FRONTEOは、KIBITの独自技術とアプローチを通じて、「記録に埋もれたリスクとチャンスを見逃さないソリューションを提供し、情報社会のフェアネスを実現する」という理念の下、多様な事業領域でAIの社会実装を推進しています。

FRONTEOの主な事業分野:

FRONTEOは2003年8月に創業し、2007年6月26日には東証マザーズ(現:東証グロース)に上場しています。日本、米国、韓国で事業を展開し、第一種医療機器製造販売業許可、管理医療機器販売業届出も取得しています。FRONTEOに関する詳細は、公式サイトをご覧ください: https://www.fronteo.com/

まとめ:AIと医学の協創がもたらす希望

FRONTEOの医学論文探索AIシステム「KIBIT Amanogawa」が慶應義塾大学薬学部 病態生理学講座の難治がん研究に採用されたことは、AIが最先端の医学研究において不可欠なツールとなりつつあることを明確に示しています。膨大な医学論文の中から、人間の目では見つけ出すことが困難な「非連続的発見」をAIが可能にすることで、難治がんに対する新しい免疫治療法の開発が大きく加速することでしょう。

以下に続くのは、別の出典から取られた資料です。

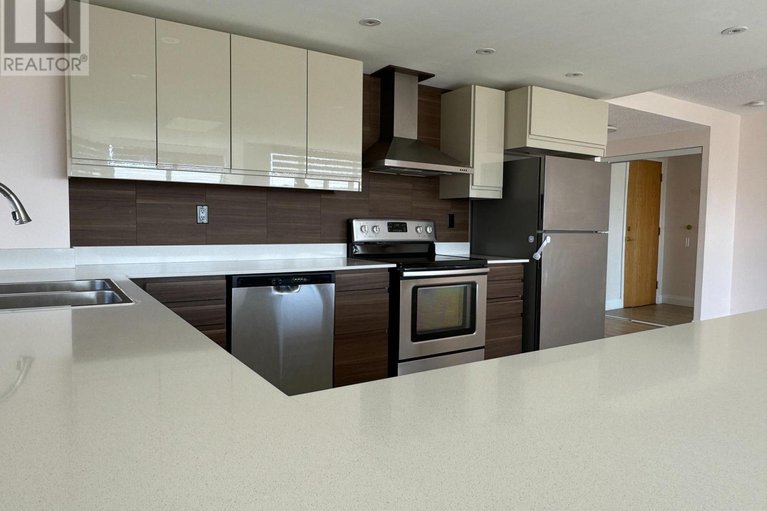 29442866/1209-2760-carousel-crescent/emerald-woodssawmill-creek/ottawa/ontario/K1T2N4_6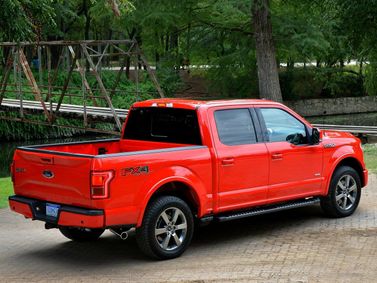 Ford F-150 الثالث عشر، بيك أب بكابينة مزدوجة SuperCrew — منظر خلفي أيمن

この連携は、これまで治療が難しかった病気で苦しむ多くの患者さんにとって、新たな希望の光となるはずです。AIの力によって、研究者の発想はさらに広がり、より迅速かつ効率的に、画期的な治療法が発見される未来がきっと訪れるでしょう。FRONTEOと慶應義塾大学の協創が、医学・薬学研究のさらなる発展と、人々の健康と幸せに貢献していくことに、今後も大きな期待が寄せられます。